It’s been 14 months since I was diagnosed with ON(AVN). Since going on the three month course of Lovenox over the summer my pain has decreased and I ‘seem’ to be getting better. I say seem because it’s not a consistent increasing line to improvement. I will have a few good pain weeks and then suddenly a bad pain week for no reason.  There seems to be no correlation between my activity and my pain during those weeks. The MRIs I had in August showed some revascularization to the area of dead bone in my femurs. I have more MRIs scheduled in February in hopes that it’s evident that more reossification has occurred.

When I feel defiant I push myself to do things even though it makes my pain worse. Sometimes in stead of feeling like 35 I feel like 85. I’m still unable to work and I fatigue extremely easily.  When going home for the holidays I was really hoping I would be able to make it through the airport with my walker but it was too far so I had to go in a wheelchair. At times this journey to getting better seems unending.

All along I’ve kept a really positive attitude, but sometimes I lose patience and feel overcome with frustration.  I’m proud that I can walk up the three flights of stairs to my apartment four times a day now and that I can walk about six blocks with just a cane.  However, sometimes at the end of the day, I worry that I’m not getting better, that I’ve just gotten used to chronic pain. I have to look back several months to remember there was a point when I couldn’t walk at all.

There are moments when I’m enjoying time with my friends when I forget about my ON(AVN). Then there are other times when I just can’t believe this happened to me.  I know you must all feel like that.

In many ways I have learned to live with this disease. But while all my friends are having babies, some even their second, I can see my biological clock ticking by knowing that my body right now couldn’t possibly handle carrying a baby. If it will ever be possible for me to be pregnant, I know I will be an older mother and I hadn’t planned on that. This is something that really upsets me and plagues my mind frequently.

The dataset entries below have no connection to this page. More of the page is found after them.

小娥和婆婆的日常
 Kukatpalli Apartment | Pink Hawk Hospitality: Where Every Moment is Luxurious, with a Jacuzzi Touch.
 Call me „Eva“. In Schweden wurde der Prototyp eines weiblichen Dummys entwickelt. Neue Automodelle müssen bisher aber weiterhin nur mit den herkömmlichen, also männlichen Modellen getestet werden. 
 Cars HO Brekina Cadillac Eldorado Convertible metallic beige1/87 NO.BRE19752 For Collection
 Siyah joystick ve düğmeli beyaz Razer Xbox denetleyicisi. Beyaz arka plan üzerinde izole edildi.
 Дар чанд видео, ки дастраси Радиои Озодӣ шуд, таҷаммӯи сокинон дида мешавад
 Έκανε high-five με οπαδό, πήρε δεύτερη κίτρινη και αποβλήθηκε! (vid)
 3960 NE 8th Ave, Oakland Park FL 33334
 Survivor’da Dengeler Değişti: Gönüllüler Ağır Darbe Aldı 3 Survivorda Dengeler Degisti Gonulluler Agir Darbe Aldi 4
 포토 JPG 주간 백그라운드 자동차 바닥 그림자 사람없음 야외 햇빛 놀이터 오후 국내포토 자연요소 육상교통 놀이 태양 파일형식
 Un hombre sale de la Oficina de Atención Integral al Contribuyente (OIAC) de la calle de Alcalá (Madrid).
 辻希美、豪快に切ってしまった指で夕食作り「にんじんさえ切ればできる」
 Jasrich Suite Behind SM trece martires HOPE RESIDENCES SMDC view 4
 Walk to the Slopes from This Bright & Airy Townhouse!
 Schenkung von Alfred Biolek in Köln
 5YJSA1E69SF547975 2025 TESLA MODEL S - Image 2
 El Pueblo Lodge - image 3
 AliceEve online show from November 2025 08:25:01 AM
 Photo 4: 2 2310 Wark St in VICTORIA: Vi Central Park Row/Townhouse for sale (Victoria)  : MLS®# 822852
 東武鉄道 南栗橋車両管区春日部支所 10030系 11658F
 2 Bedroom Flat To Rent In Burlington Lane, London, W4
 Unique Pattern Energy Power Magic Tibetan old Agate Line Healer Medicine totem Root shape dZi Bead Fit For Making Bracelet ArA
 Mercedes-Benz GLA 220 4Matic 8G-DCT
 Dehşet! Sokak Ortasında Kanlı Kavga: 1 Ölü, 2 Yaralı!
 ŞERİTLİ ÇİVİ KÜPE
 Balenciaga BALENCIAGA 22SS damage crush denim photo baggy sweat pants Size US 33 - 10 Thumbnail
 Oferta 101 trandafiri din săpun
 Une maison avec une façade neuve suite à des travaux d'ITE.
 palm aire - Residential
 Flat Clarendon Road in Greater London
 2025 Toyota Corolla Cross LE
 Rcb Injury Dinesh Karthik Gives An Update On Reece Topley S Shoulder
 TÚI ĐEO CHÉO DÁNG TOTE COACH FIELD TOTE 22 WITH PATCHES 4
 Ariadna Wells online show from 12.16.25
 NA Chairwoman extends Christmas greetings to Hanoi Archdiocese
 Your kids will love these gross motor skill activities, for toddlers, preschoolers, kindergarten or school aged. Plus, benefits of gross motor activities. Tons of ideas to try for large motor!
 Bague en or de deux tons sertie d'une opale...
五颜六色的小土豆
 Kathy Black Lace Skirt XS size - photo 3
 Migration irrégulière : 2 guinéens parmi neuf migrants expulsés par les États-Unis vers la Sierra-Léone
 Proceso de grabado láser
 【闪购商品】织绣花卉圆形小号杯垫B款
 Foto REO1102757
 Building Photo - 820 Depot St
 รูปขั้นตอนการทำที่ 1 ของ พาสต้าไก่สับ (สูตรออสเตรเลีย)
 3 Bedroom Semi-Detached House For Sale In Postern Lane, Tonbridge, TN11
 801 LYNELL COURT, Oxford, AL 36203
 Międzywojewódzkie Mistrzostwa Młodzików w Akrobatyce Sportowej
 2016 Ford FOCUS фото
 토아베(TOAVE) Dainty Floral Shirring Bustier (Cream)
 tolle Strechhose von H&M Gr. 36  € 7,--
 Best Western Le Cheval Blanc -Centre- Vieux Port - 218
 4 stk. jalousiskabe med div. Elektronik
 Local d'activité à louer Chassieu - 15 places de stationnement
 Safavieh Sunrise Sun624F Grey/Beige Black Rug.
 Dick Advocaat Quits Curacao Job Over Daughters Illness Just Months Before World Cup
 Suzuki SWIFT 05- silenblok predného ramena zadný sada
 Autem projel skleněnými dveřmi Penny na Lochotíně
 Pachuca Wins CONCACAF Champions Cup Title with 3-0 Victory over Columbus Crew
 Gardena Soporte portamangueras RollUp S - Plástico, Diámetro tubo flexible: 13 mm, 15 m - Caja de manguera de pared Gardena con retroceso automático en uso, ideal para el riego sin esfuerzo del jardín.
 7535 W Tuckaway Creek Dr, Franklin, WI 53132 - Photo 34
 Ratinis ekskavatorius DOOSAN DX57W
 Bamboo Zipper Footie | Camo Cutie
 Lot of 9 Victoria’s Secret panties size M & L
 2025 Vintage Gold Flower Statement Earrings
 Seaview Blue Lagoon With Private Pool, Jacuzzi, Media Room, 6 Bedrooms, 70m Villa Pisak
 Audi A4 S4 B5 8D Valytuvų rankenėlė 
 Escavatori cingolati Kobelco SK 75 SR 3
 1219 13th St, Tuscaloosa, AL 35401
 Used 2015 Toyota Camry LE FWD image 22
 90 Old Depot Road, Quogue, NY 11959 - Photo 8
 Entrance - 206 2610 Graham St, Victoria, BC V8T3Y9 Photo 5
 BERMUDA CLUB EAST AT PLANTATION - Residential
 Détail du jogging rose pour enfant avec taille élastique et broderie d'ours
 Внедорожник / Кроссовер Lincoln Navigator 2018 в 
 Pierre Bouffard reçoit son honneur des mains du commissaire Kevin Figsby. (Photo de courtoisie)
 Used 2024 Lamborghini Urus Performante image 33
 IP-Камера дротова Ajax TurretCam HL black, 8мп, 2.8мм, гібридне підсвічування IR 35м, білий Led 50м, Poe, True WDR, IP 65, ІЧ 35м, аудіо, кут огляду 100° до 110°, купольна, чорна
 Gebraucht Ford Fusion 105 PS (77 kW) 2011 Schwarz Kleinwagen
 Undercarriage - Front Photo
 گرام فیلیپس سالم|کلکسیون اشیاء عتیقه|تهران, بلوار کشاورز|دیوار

I go to therapy and talk about my frustrations.  I can’t go on and on to my friends. Often because they don’t understand and also because I’m like a broken record. I’ve been trying to find the peace within myself to have patience, but as the months progress I have days when my patience has worn thin and I feel angry. I don’t want to feel this way.  I always said, and I think I even wrote on this site, that I didn’t want to be defined by my disease but before I do anything I always have to consider my ON(AVN) and how much my body can handle. My greatest battle at the moment is a mental one. I accept that this happened to me, but I don’t seem to accept the ramifications. I’m disappointed in myself for feeling this way.

Going forward I am going to put forth my best effort  to embrace the new year.  I hope each of you make progress and are able to come to grips with your disease from a mental point of view. Often the mental battle is almost as bad as the physical one. I wish all of you a Happy and Healthier 2013!!!!!